- Your goal -
The answer should hold only the lines from the one containing "Articles surgelés, jour" through the one containing "Cargar vídeo: Galletas" in the entries below, copied exactly, without pictures.

- Data for the task -
──────────

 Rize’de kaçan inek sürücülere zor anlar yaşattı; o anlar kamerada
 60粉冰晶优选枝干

──────────

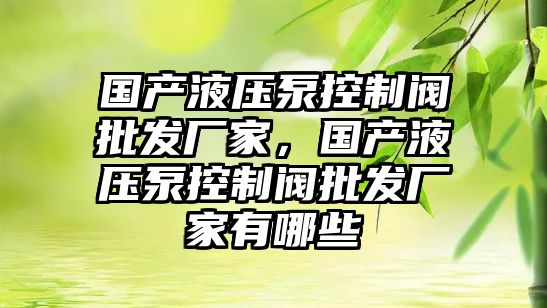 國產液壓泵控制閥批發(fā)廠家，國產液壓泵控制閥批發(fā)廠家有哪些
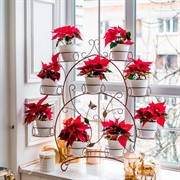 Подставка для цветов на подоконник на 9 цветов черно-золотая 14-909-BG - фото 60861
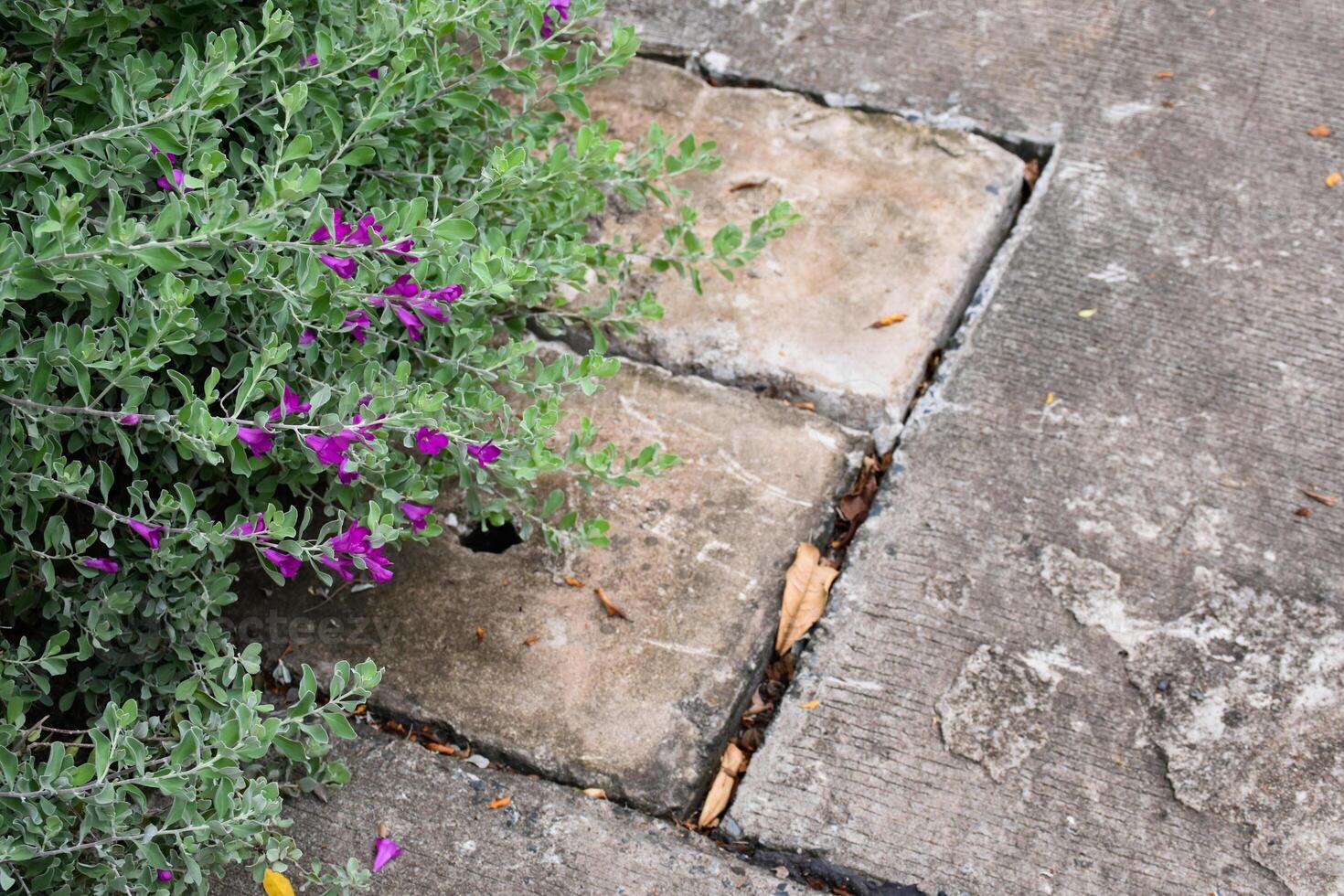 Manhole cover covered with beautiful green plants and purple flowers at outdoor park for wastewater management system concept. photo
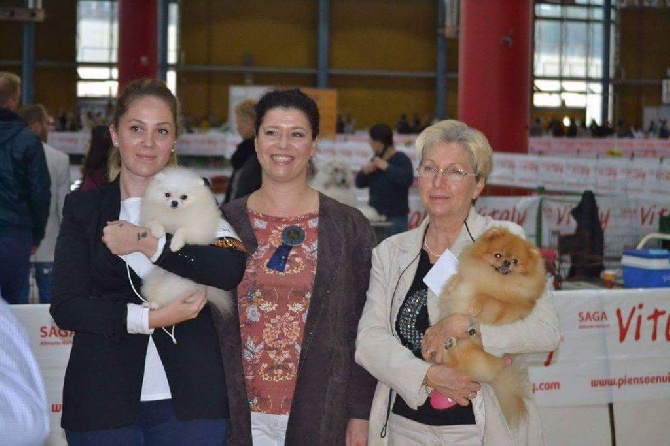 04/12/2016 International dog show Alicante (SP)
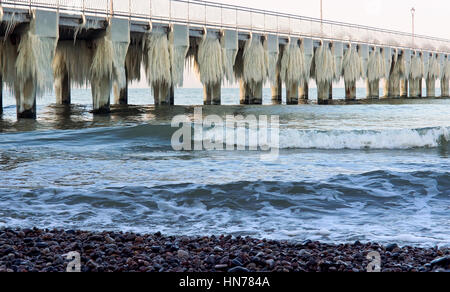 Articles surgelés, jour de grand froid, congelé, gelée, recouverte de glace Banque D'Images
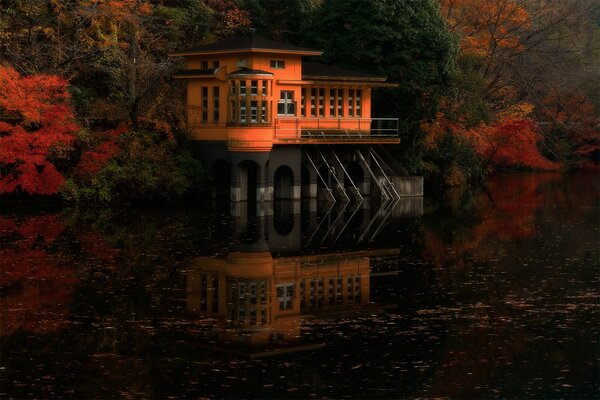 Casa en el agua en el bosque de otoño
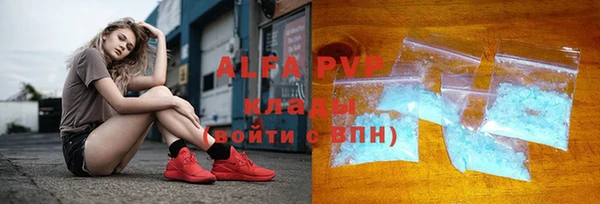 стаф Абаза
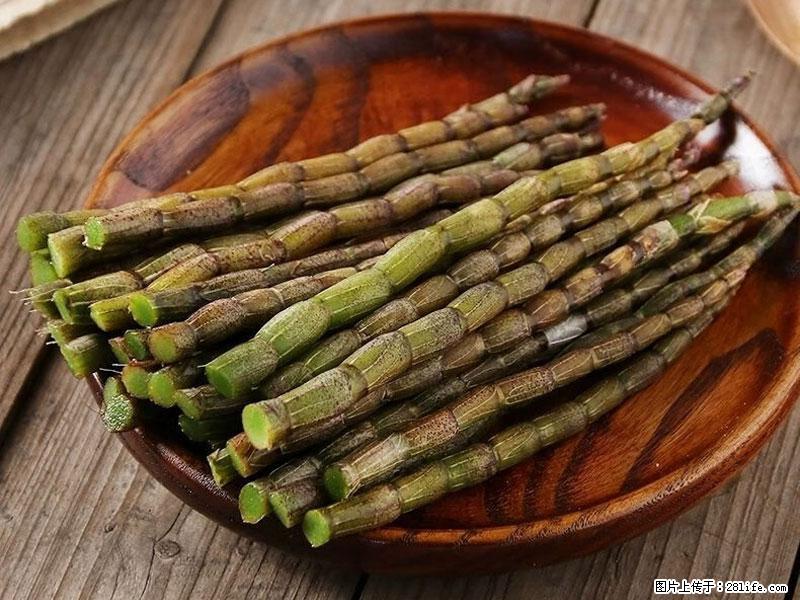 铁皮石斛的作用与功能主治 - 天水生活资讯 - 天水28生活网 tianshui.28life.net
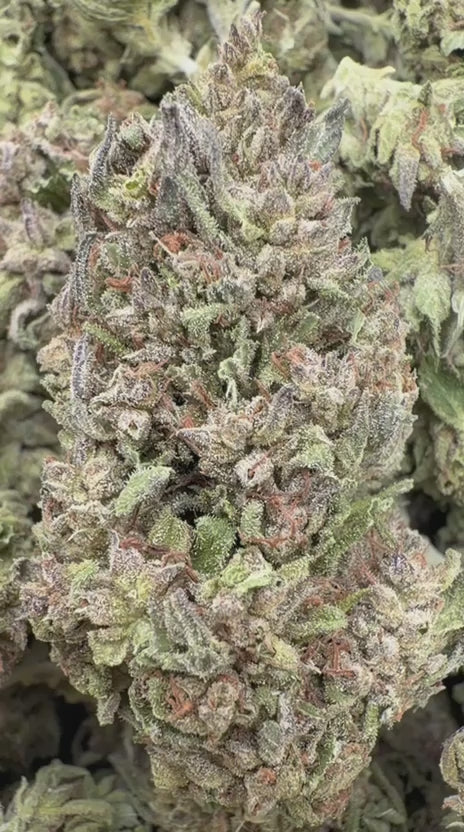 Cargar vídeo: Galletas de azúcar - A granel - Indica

──────────

- Task response -
 Articles surgelés, jour de grand froid, congelé, gelée, recouverte de glace Banque D'Images
 Casa en el agua en el bosque de otoño
 стаф Абаза
 铁皮石斛的作用与功能主治 - 天水生活资讯 - 天水28生活网 tianshui.28life.net
 Cargar vídeo: Galletas de azúcar - A granel - Indica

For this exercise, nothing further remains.